So, you have the blues women saying, “No.” That there is a politics in owning and embracing our sexuality and claiming that as its own form of freedom, why do we have to uphold these moral standards twice as much as white women just because of the ways that we have been exploited?
So, I think that the blues women for me are supremely important in this conversation. But of course, once they start getting into the fifties and sixties, the politics of music become far more overt with women like Nina Simone singing about old Jim Crow and making these bold declarations about segregation and about white supremacy and white terror.
Billie Holiday when she sings “Strange Fruit.” Oh, man. It’s just, to me, that music is so rich.
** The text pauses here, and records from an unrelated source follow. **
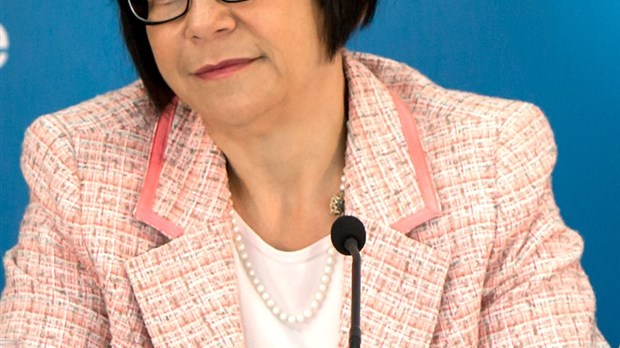 Élaine Zakaïb déçue de la session parlementaire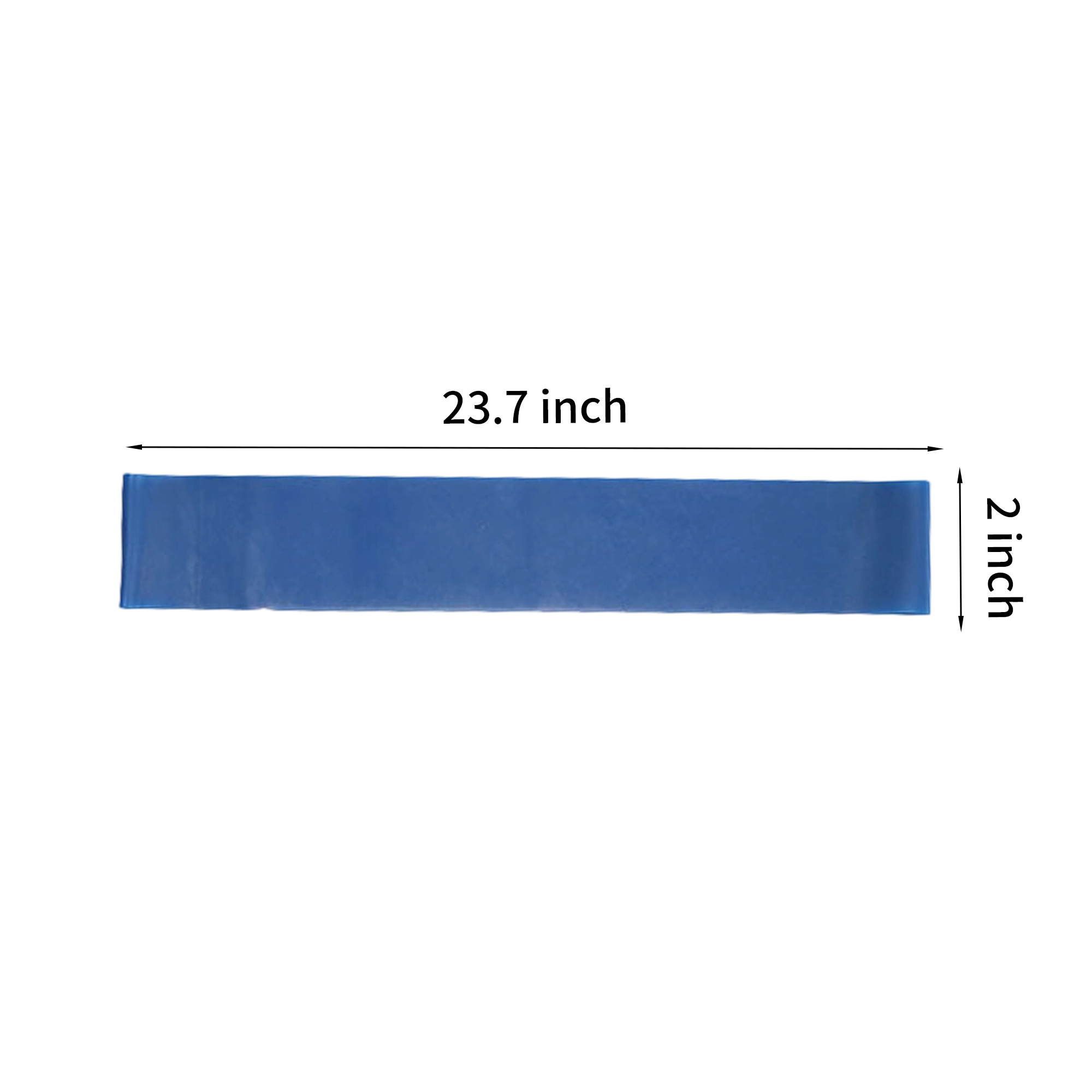 Latex Resistance Band For Strength Training And Body Shaping 5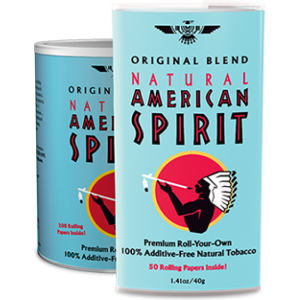 Natural American Spirit RYO, Original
Sam Cooke, “A Change is Gonna Come.” These are people often who came out of the Black church. So, some of those same ties that we mentioned earlier are threaded through their music. So, there is a feeling of hope. “A Change is Gonna Come.” But then there’s also this prophetic fire that comes through those lyrics that we can see women like Janelle Monáe and Alicia Keys and other mainstream artists today embrace the kind of message that we see in the earlier music of the blues women and then the singers of the fifties, sixties and seventies.
I just love it. I love studying that music. I love thinking about music as an art form. Some of my earliest research was on Black music. So, before it kind of got into dress, I was doing a close analysis of the music, and that’s how I got into the dress. Because I wanted to look at Miriam Makeba and Odetta and Nina Simone and how their clothing and their hairstyle, their natural hairstyle choices were just as important as the lyrics themselves. So, that’s what got me down that path of dress. But it’s because of the music. There’s just so much power and potency in that music.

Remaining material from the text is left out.